Nasza Loteria SR - pasek na kartach artykułów

Ania Dąbrowska: - Na co dzień nie mam makijażu, nie ubieram się wystrzałowo

Zdzisław Haczek
ANIA DĄBROWSKA Wokalistka, kompozytorka, autorka tekstów, producentka. Jej płyty: "Samotność po zmierzchu”, "Kilka historii na ten sam temat”, "W spodniach czy w sukience” sprzedały się w platynowych nakładach, w sumie w 150 tys. egz. Ma na koncie wiele nagród, m.in. sześć Fryderyków. W niedzielę o 19.00 zaśpiewa w zielonogórskim Kawonie swoje przeboje, m.in. "Charlie Charlie”, "Trudno mi się przyznać”, "Tego chciałam”, "Nigdy więcej nie tańcz ze mną”, "W spodniach czy w sukience”. Bilety: 45/55 zł.
ANIA DĄBROWSKA Wokalistka, kompozytorka, autorka tekstów, producentka. Jej płyty: "Samotność po zmierzchu”, "Kilka historii na ten sam temat”, "W spodniach czy w sukience” sprzedały się w platynowych nakładach, w sumie w 150 tys. egz. Ma na koncie wiele nagród, m.in. sześć Fryderyków. W niedzielę o 19.00 zaśpiewa w zielonogórskim Kawonie swoje przeboje, m.in. "Charlie Charlie”, "Trudno mi się przyznać”, "Tego chciałam”, "Nigdy więcej nie tańcz ze mną”, "W spodniach czy w sukience”. Bilety: 45/55 zł. fot. Paweł Janczaruk
Przed niedzielnym koncertem w zielonogórskiej Piwnicy Artystycznej Kawon wokalistka ujawnia nam m.in., co znajdzie się na jej nowej, czwartej płycie.

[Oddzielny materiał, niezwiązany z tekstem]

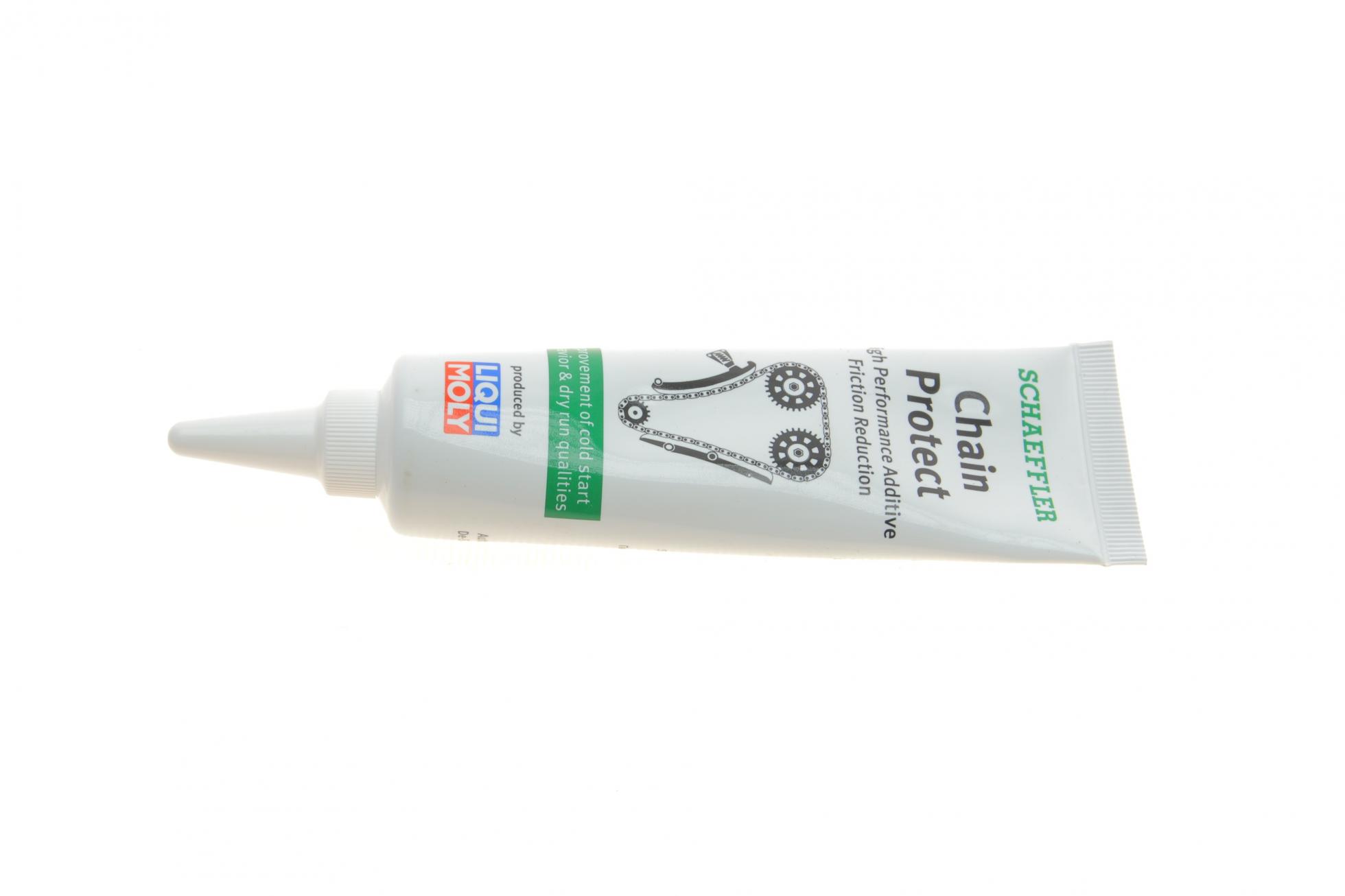 559019230 INA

- Lubisz występować w klubach?

- Bardzo lubię. To są moje ulubione miejsca koncertów.

- Ale sale bankietowe też ci się zdarzają...

- Pewnie, ale zupełnie nie mam problemu z uświetnianiem różnych okoliczności i eventów swoją osobą.

- Kto wychodzi na scenę podczas koncertów Ani Dąbrowskiej: ty czy jakaś wykreowana osoba?

- Powiedziałabym, że to jestem w stu procentach ja, ale gdybym słuchała siebie z boku, to bym się z tym nie zgodziła. Na co dzień nie noszę makijażu, nie robię sobie takiej fryzury i nie ubieram się wystrzałowo. Na pewno jest to troszeczkę inna osoba... A może po prostu traktuję koncerty jako pewnego rodzaju święto i wtedy się do nich bardziej przygotowuję i zależy mi na tym, żeby dobrze wyglądać?

- Na co dzień więc nie "gwiazdorzysz". A czujesz się celebrytką?

- Słowo celebryta chyba nie zostało do końca zdefiniowane. Jeżeli mówimy o tym, że celebryta to osoba znana, to pewnie bym się tam gdzieś zaliczyła, może nie byłabym na liście A, ale na liście B... A jeżeli celebryta to osoba, o której rozpisują się tabloidy i media, związane z show biznesem, to pewnie też nie jestem celebrytą.

- Jawisz się na scenie jako kobieta romantyczna. A w życiu jaka jesteś?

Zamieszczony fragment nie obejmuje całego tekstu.